Where the line containing "Caperci Bento Box" appears in the entries below, start there and print only that line and every line after it, exactly, through the end, excluding pictures.

===== THE RECORDS =====

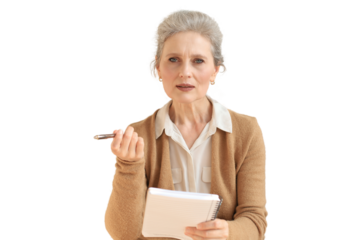 Attractive mature woman sitting on the couch and making notes in diary on a transparent background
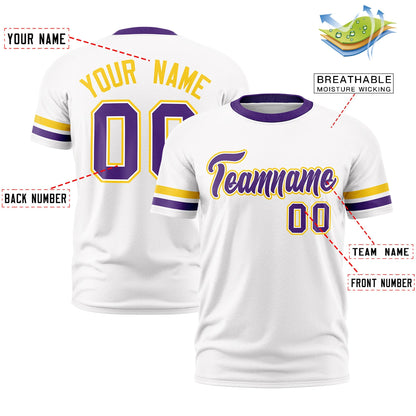 Custom White Purple T-shirt Classic Style Stripe Fashion Sports Shirt for Youth & Adults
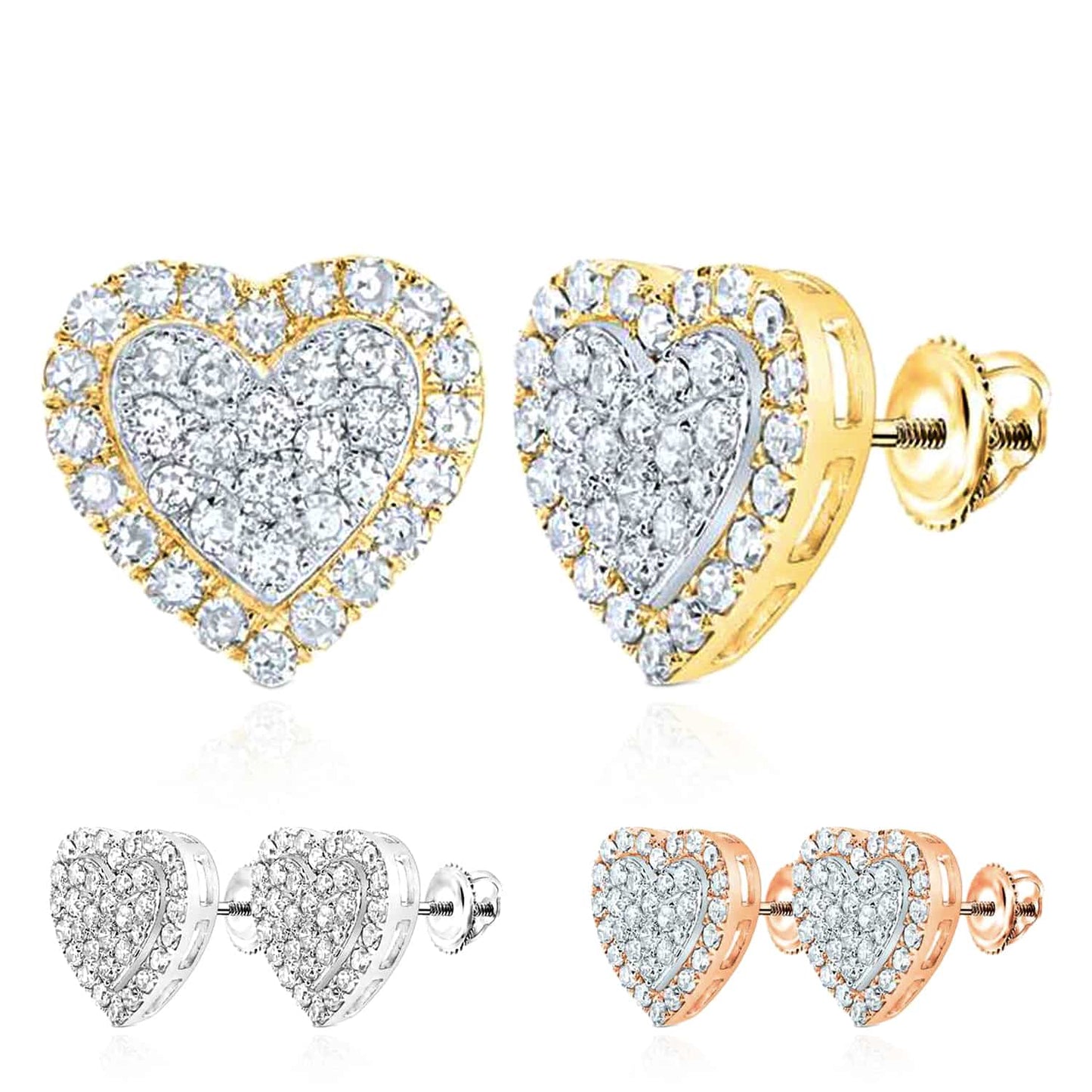 0.50CTW Real Diamond 10K Gold Yellow White Rose Heart Cluster Stud Earrings
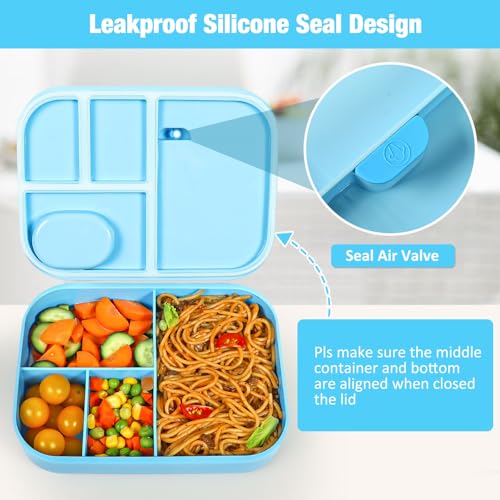 Caperci Bento Box for Kids - Stackable Leakproof Multiple Compartments 5.8 Cups Bento Lunch Box for Adults with Sauce Container - Idea for School, On-the-go, Built-in Utensil Set, BPA Free (Blue) - Image 3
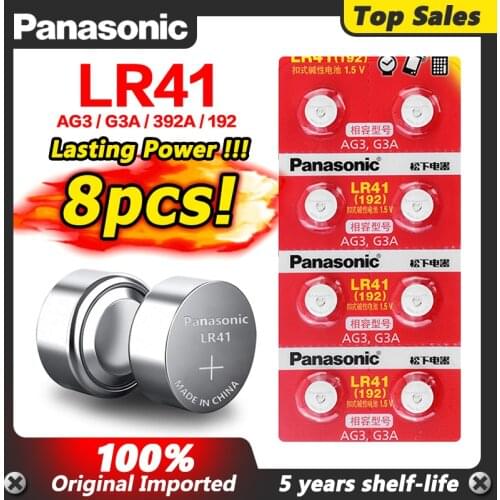 8Pcs Original PANASONIC AG3 LR41 192 V3GA Coin Button Battery Cell 1.5V LR41 LR41H SR41 SR41W SR41SW SR415W TR41SW For Toy Watch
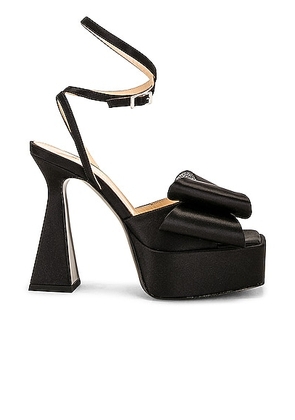MACH & MACH Le Cadeau Satin Square Toe Platform Sandal in Black - Black. Size 39 (also in 39.5).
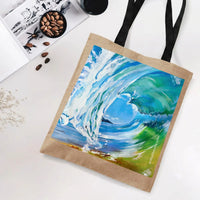 Ocean Wave Tote Bag | Barrel Wave Painting Surf Art | Premium Twill Diamond-Grid Texture | Gift for Beach Lovers and Surfers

=====

- [ANSWER SECTION]:
 Caperci Bento Box for Kids - Stackable Leakproof Multiple Compartments 5.8 Cups Bento Lunch Box for Adults with Sauce Container - Idea for School, On-the-go, Built-in Utensil Set, BPA Free (Blue) - Image 3
 8Pcs Original PANASONIC AG3 LR41 192 V3GA Coin Button Battery Cell 1.5V LR41 LR41H SR41 SR41W SR41SW SR415W TR41SW For Toy Watch
MACH & MACH Le Cadeau Satin Square Toe Platform Sandal in Black - Black. Size 39 (also in 39.5).
 Ocean Wave Tote Bag | Barrel Wave Painting Surf Art | Premium Twill Diamond-Grid Texture | Gift for Beach Lovers and Surfers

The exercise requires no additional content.